**** GIVEN MATERIAL

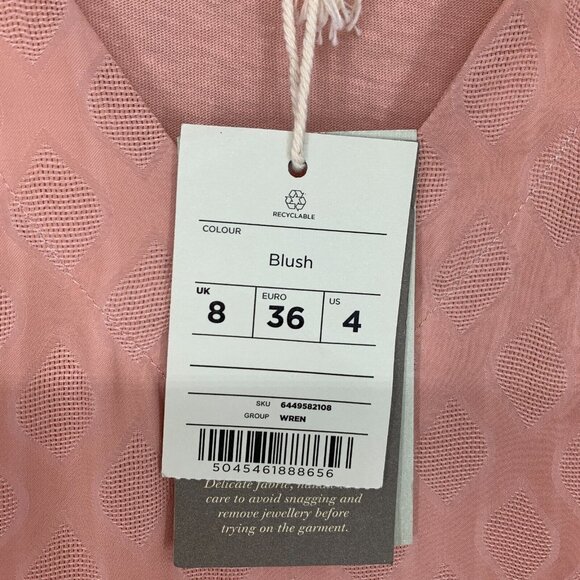 Monsoon Top Linen Blend Pink Sleeveless V Neck Patterned NWT - Picture 4 of 9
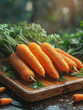 Fresh raw carrots with drops of water and parsley on wooden table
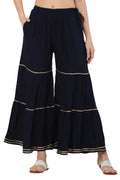 PAVONINE Navy Blue Color 3-Panels Golden Gota Flared Sharara For Women - Distacart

********

## [TASK GOAL]
In the data above, the line containing "Fresh raw carrots" and all lines after it are to be reproduced exactly, leaving out the pictures.

## [ANSWER SPACE]
 Fresh raw carrots with drops of water and parsley on wooden table
 PAVONINE Navy Blue Color 3-Panels Golden Gota Flared Sharara For Women - Distacart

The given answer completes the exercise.